▶ PROBLEM REQUIREMENTS
Lines from the one containing "Hyundai Elantra 2018, 241,402" through the end of the material are to be retyped exactly; do not copy pictures.

▶ EXTRACTED INFORMATION
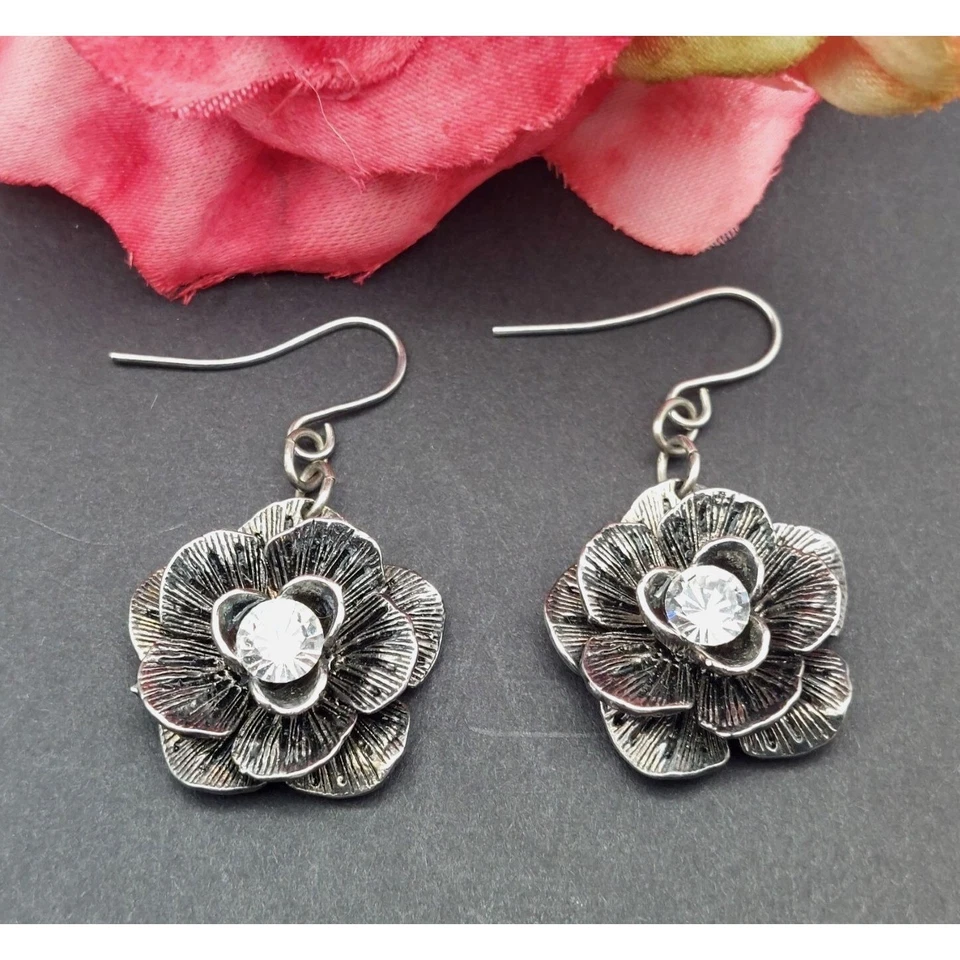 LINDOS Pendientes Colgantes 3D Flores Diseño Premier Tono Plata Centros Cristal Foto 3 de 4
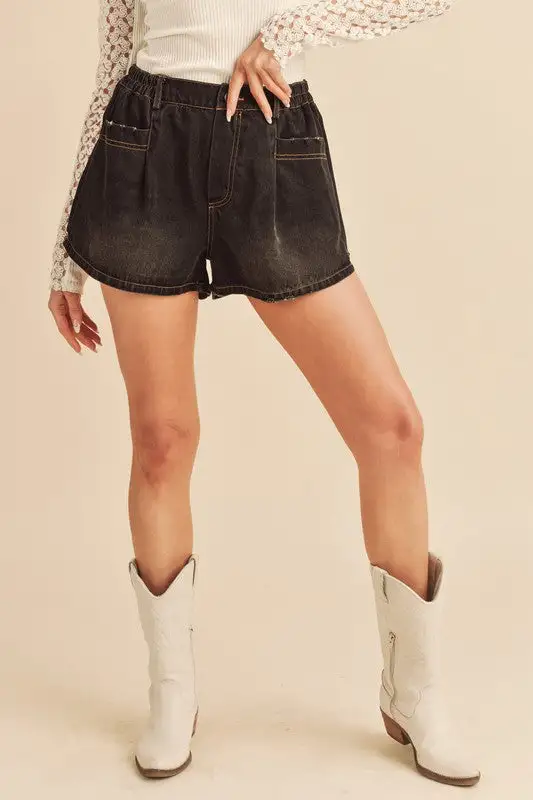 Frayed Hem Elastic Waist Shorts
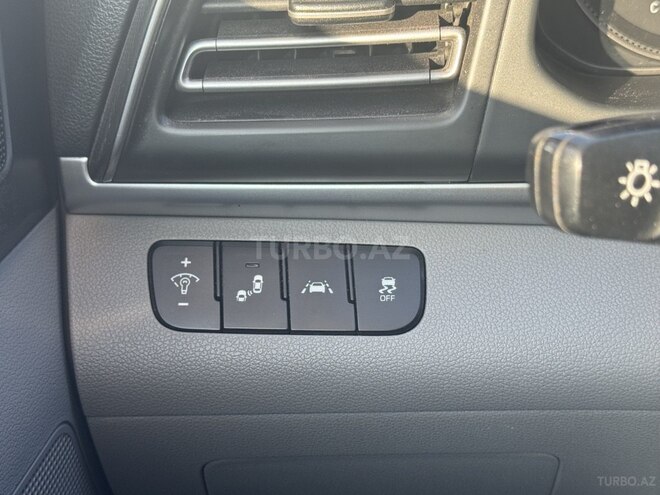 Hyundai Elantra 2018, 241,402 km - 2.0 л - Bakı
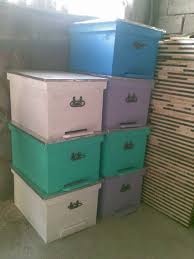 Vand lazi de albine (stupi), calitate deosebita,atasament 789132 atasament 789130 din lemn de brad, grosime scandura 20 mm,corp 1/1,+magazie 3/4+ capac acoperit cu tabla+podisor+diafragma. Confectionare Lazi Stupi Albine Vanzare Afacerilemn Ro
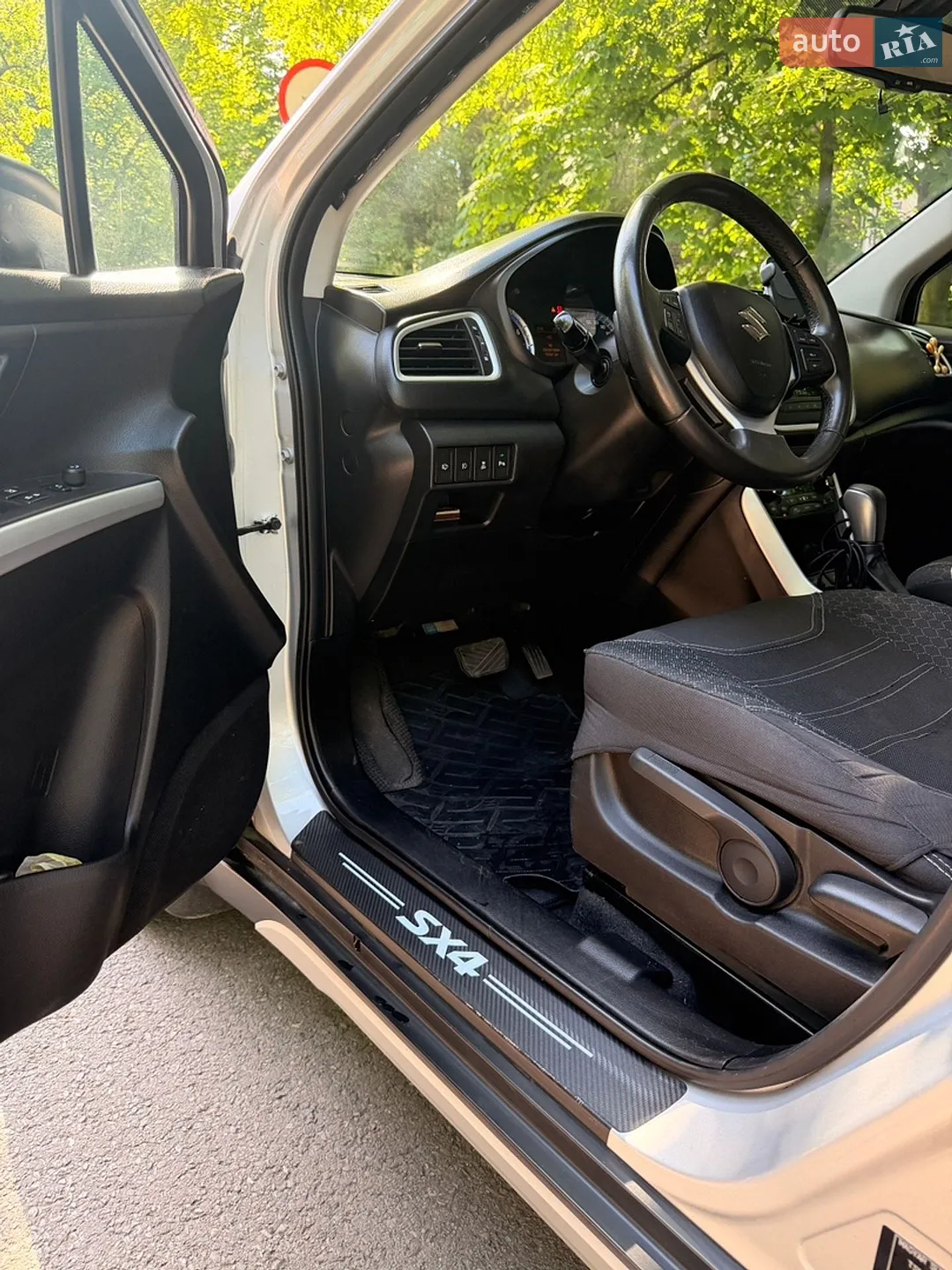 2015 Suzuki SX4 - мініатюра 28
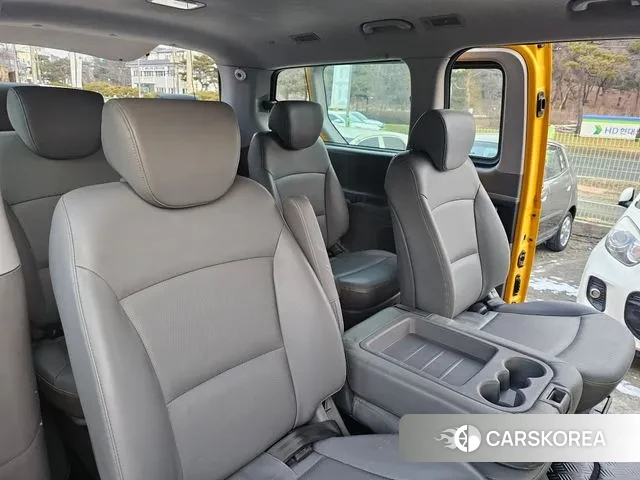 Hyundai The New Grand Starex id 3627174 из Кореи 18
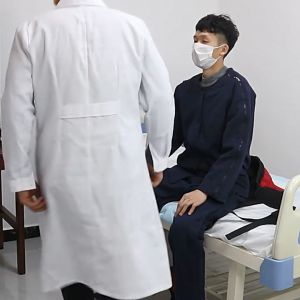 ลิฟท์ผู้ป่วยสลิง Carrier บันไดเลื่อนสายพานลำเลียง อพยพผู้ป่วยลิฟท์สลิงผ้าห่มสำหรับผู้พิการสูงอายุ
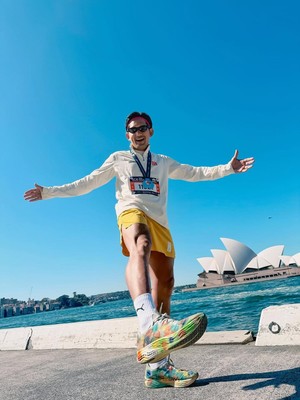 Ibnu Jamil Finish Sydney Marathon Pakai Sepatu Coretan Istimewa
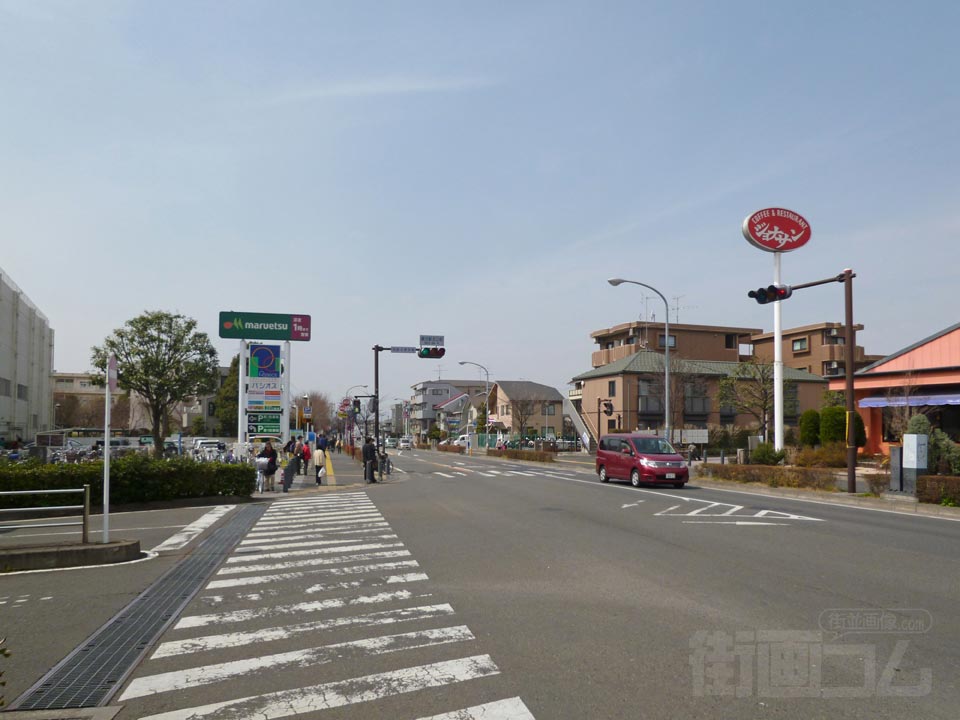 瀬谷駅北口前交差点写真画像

▶ REPLY
 Hyundai Elantra 2018, 241,402 km - 2.0 л - Bakı
 Vand lazi de albine (stupi), calitate deosebita,atasament 789132 atasament 789130 din lemn de brad, grosime scandura 20 mm,corp 1/1,+magazie 3/4+ capac acoperit cu tabla+podisor+diafragma. Confectionare Lazi Stupi Albine Vanzare Afacerilemn Ro
 2015 Suzuki SX4 - мініатюра 28
 Hyundai The New Grand Starex id 3627174 из Кореи 18
 ลิฟท์ผู้ป่วยสลิง Carrier บันไดเลื่อนสายพานลำเลียง อพยพผู้ป่วยลิฟท์สลิงผ้าห่มสำหรับผู้พิการสูงอายุ
 Ibnu Jamil Finish Sydney Marathon Pakai Sepatu Coretan Istimewa
 瀬谷駅北口前交差点写真画像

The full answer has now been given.